3 of 3 people found the following review helpful
Mrs Dey captures the essence of a real life detective (versus the Hollywood version) masterfully, resulting in a book that is very relateable to those in the law enforcement biz. Really enjoyable story lines, both past and present. Well done!
4 of 4 people found the following review helpful
on January 16, 2011
This tightly crafted novel successfully weaves two different genres, mystery and historical fiction, into a novel that is greater than the sum of the parts. Extensions includes suspense, drama, tragedy, and comic relief. Most importantly, Dey is equally skilled in plot and character development, two essential ingredients in my most-loved books.
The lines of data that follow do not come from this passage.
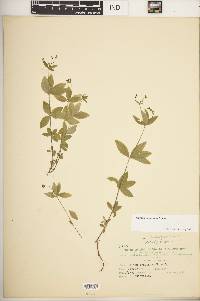 Galium circaezans image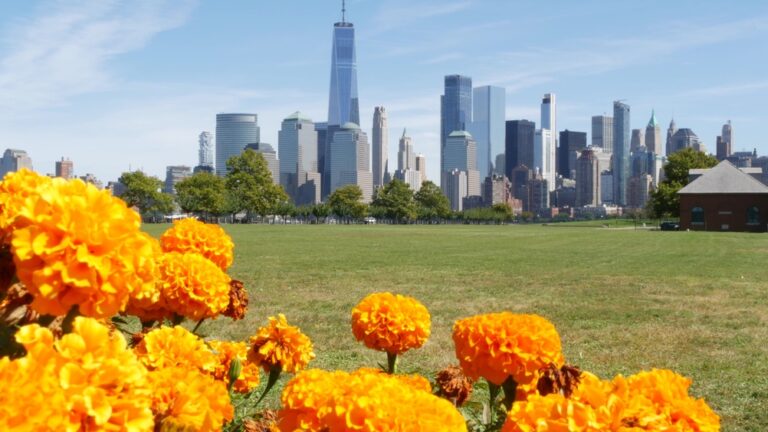 New,York,City,Manhattan,Downtown,Financial,District,Skyline,,World,Trade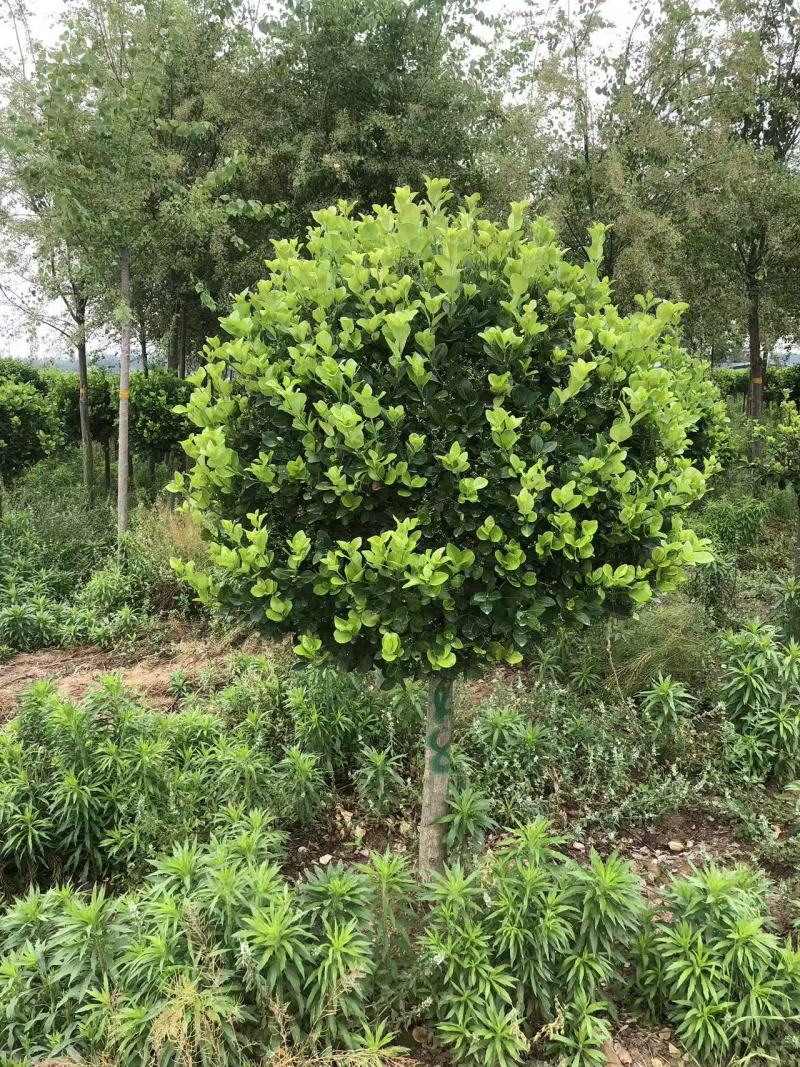 高接卫矛球，基地直供量大从优质量有保障，欢迎打电话咨询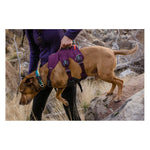 Ruffwear Web Master Dog Harness With Handle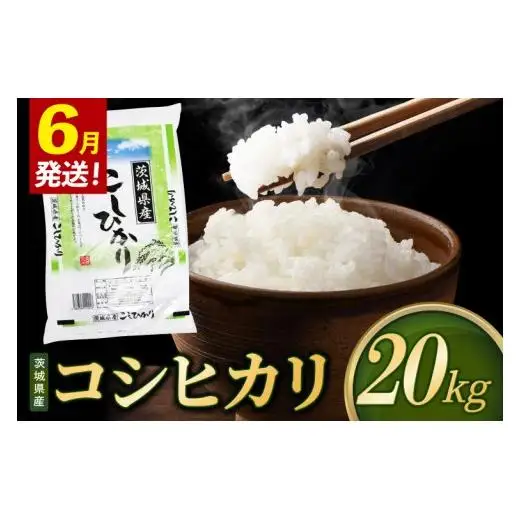 【2027年6月発送】米 コシヒカリ 精米 20kg 令和8年産 茨城県産 お米 こめ コメ ごはん 白米 こしひかり 茨城県産米 単一米 単一原料米 安心 安全 送料無料 国産 人気 数量限定 （85-R8i097_06）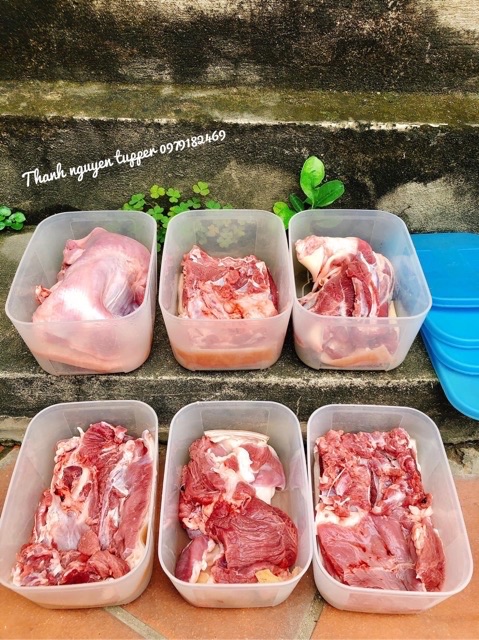 Set 3 hộp 650ml trữ đông Tupperware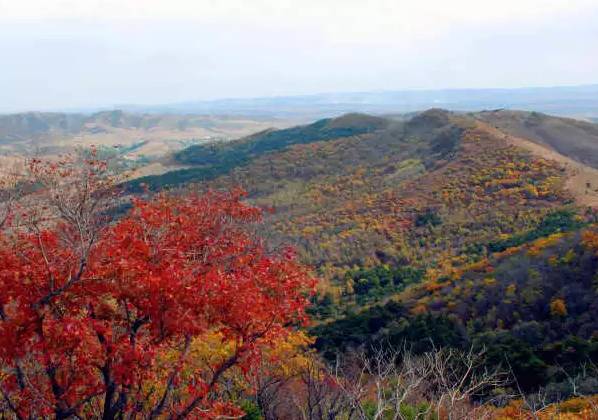 沈阳秋季哪好玩,秋天沈阳市区风景最好的地方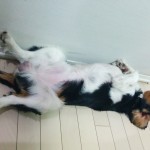 犬, Dog, トライカラー, Tricolor, キャバリア, Cavalier King Charles Spaniel, ジロ, Jiro,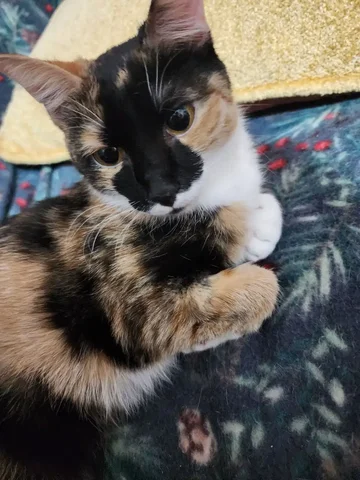 Ласковая кошечка ищет семью - Кошки в Братск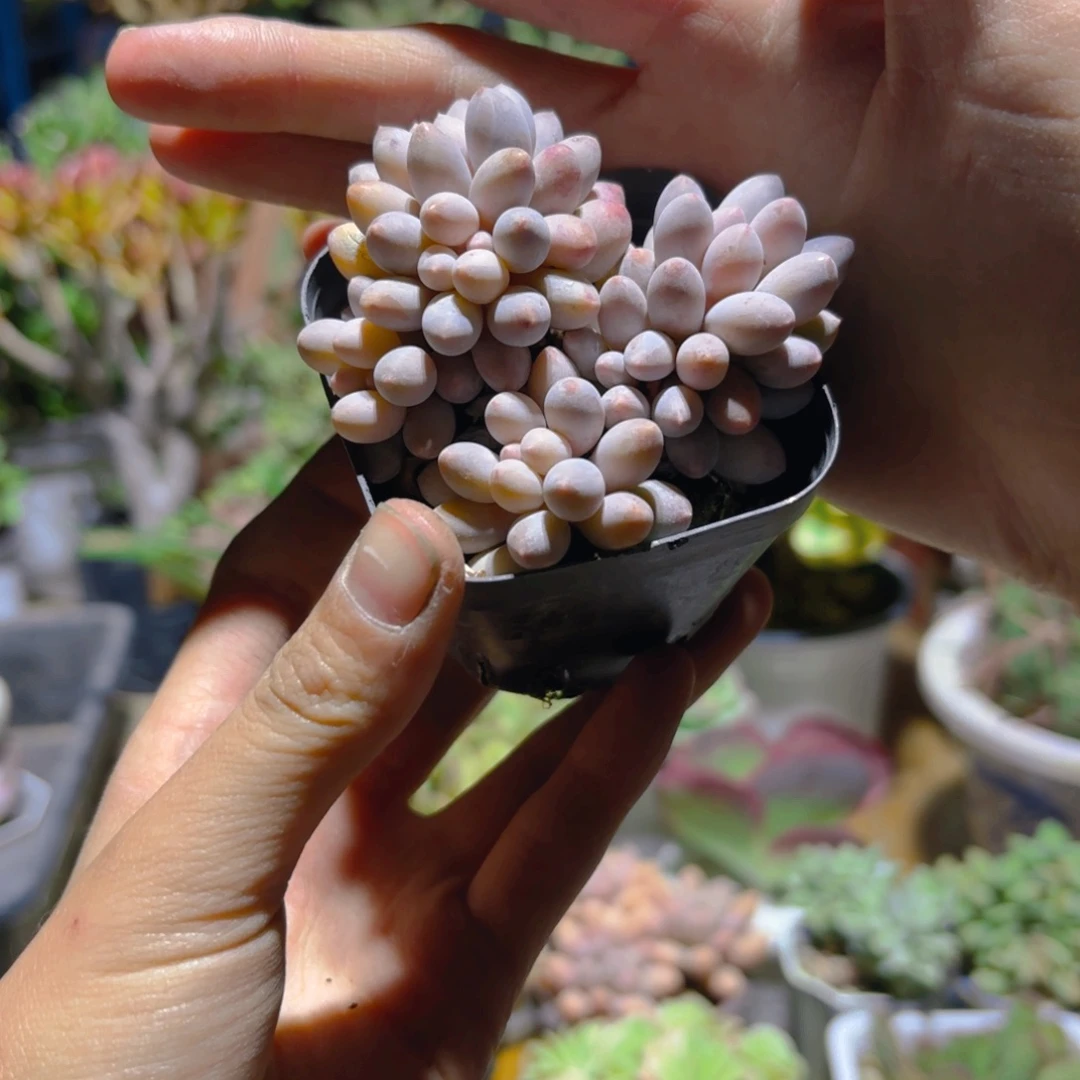 婴儿手指新疆包邮6.5cm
As I neared the end, I found myself torn between wanting to read more quickly to tie up the various storylines and wanting to savour the reading slowly so I wouldn't have to say good-bye to Bella and the other characters too soon. I can give no higher praise!
7 of 7 people found the following review helpful
on November 19, 2010
From the opening sentence to the last line, Myrna Dey, has crafted a literary gem. The characters are interesting and well defined. The trick of going from past to present is not an easy task, but Ms. Dey's efforts are flawless. The dark and light spots flow well, segueing one to the other and setting the hook deep. Her humor is light, well placed and original. Extensions ended up being a warm friend and fellow traveler. Thank you, Ms. Dey, well done.
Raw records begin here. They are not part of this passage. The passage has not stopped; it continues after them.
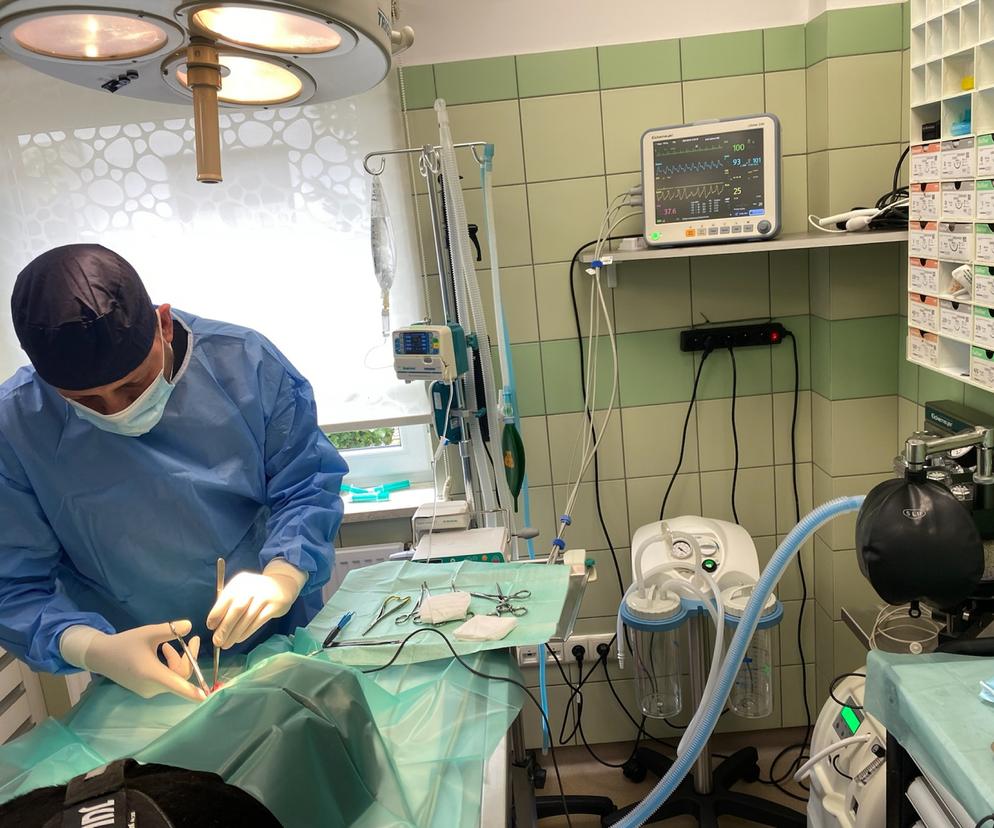 W Anglii chcieli go uśpić w Przemyślu uratowali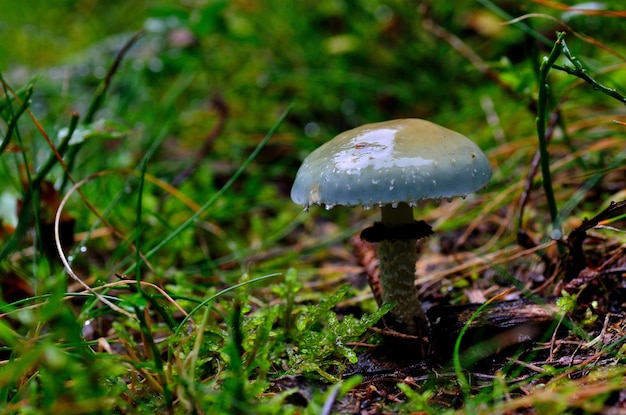 Blue mushroom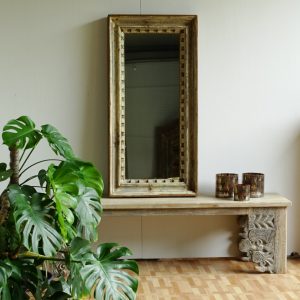 mirror sc55034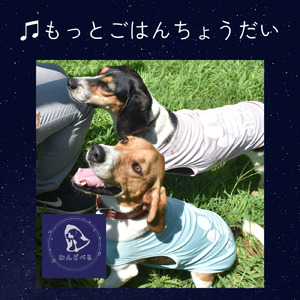 もっとごはんちょうだい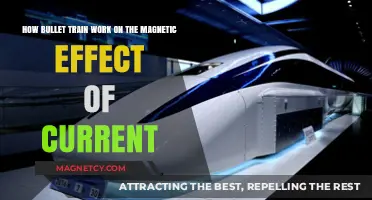 Exploring the Magnetic Marvel: How Bullet Trains Harness Current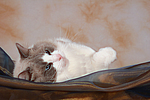 katzenfotos ragdoll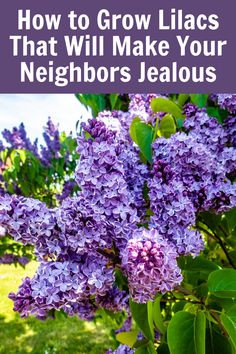 purple lilacs with text overlay how to grow lilacs that will make your neighbors's jealous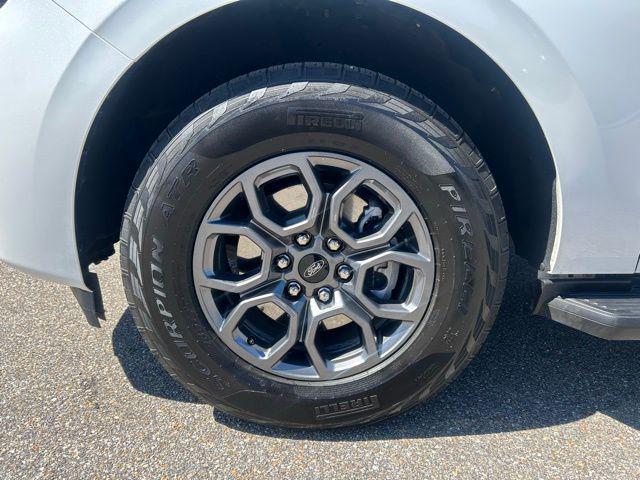 2025 Ford Expedition Active MAX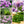 Common Chives Herb Seeds For Planting (Allium schoenoprasum)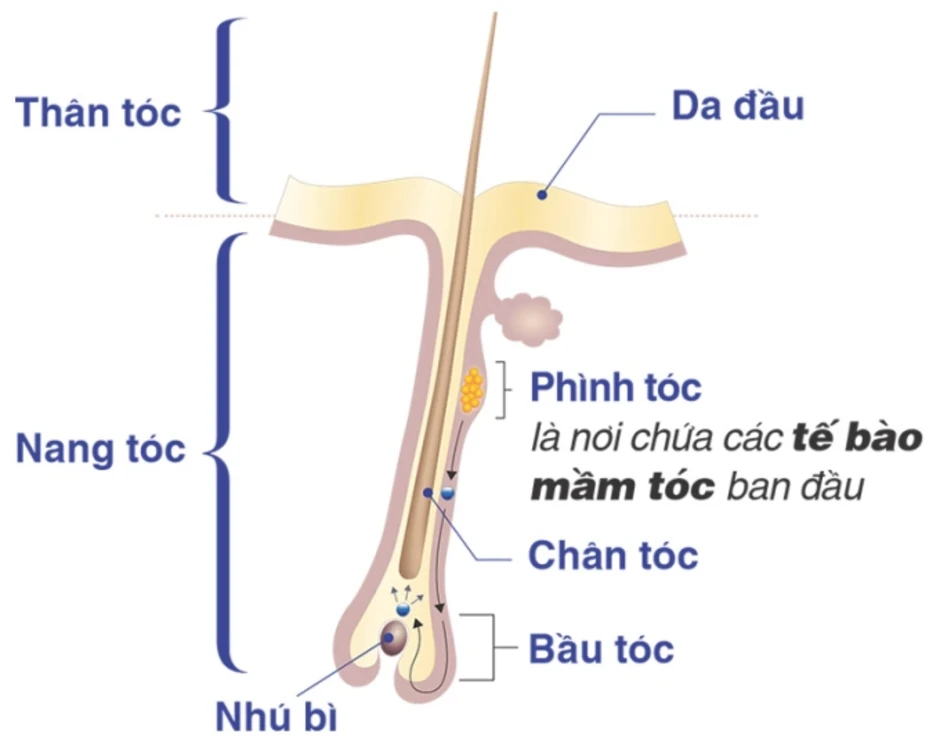 Vì sao tóc dễ rụng khi trời nồm ẩm? - Báo TinVina Vì sao tóc dễ rụng khi trời nồm ẩm? - Báo TinVina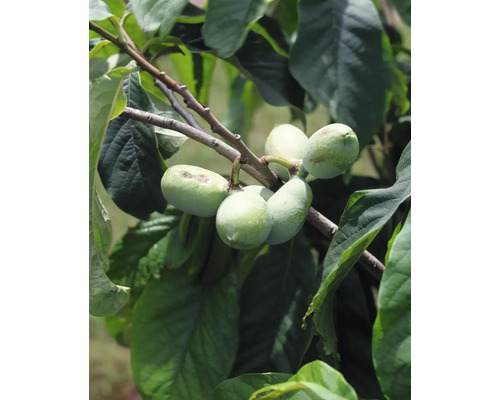 Zweig mit Pawpaw-Früchten und Blättern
8 of 8 people found the following review helpful
on October 30, 2010
In the frenzy to keep up with the incredible mystery writing talent coming out of Scandinavian countries these days, it's heartening to discover an adept new voice here in Canada. Myrna Dey's Extensions begins innocently at a small-town Saskatchewan garage sale and draws us in with a firm gentleness to a mystery that spans geography, cultures, race, sexes, and time.
Her detective, the boldly named Arabella Dryvynsydes, like all great detectives, comes complete with insecurities, a family, police colleagues and a hint of love. But the mysteries of her unknown great-grandmother playing contrapuntally with the mysteries of Dryvynsydes' day job as a major crimes detective are what keep this book intriguing.
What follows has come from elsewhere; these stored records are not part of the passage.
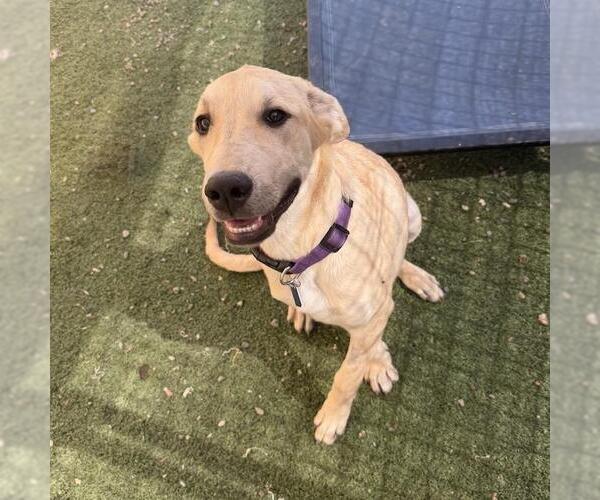 Medium Photo #2 Labrador Retriever-Unknown Mix Puppy For Sale in San Diego, CA, USA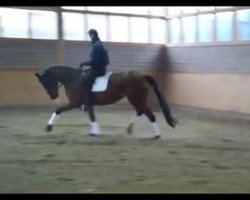 dressage horse Hope (Oldenburg, 2008, from Hoftanz)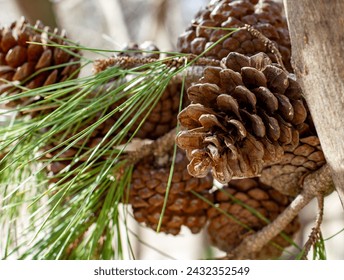 Pine cones and pine needles, natural composition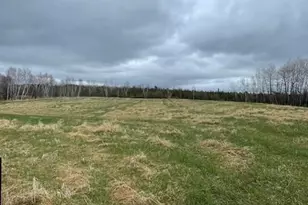 Parcel E Dove Rd, Hinckley, MN 55037 - Photo 1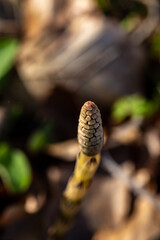 Equisetum arvense flower in meadow	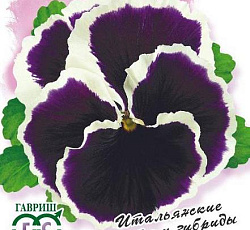 Виола Флоренция F1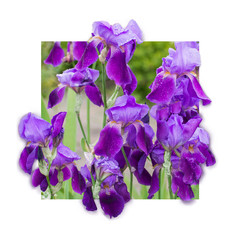 3D effect: Irises flowers with the shadow of the leaves on the white mat 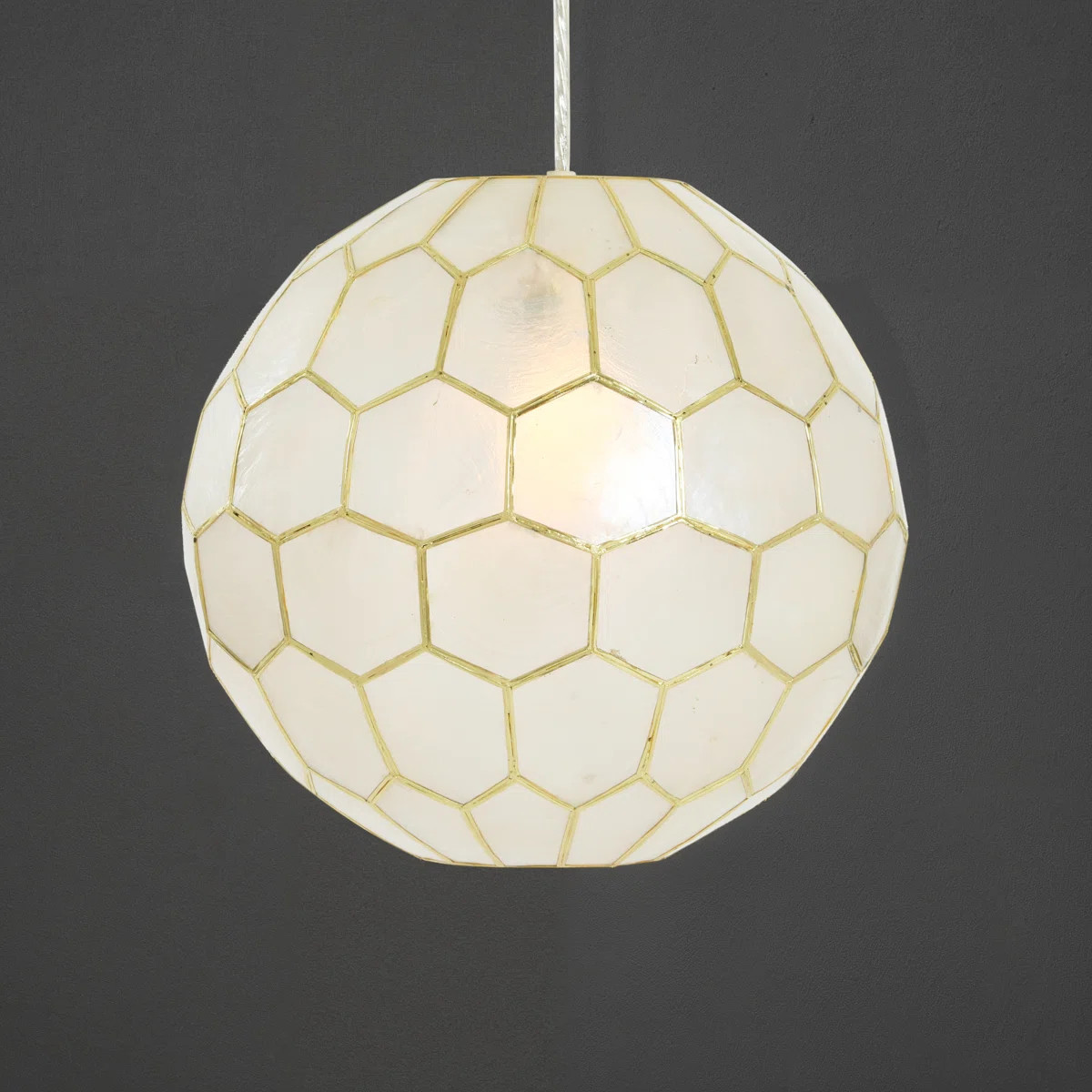 Capiz Honeycomb Globe Pendant Light | Wayfair North America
Dey has a deft hand with character. We become as invested in characters encountered briefly, like the adolescent child of an alcoholic mother and a long-lost, over-the-top Christian great aunt, as we do with those who form the core of the story.
I hope this book finds a wide audience in Canada and beyond. Extensions doesn't feed on adrenaline, or intellectual complexity, but on the more simple mysteries of human interactions and growth.
I hope Dey has more up her sleeve and we see Dryvynsydes again.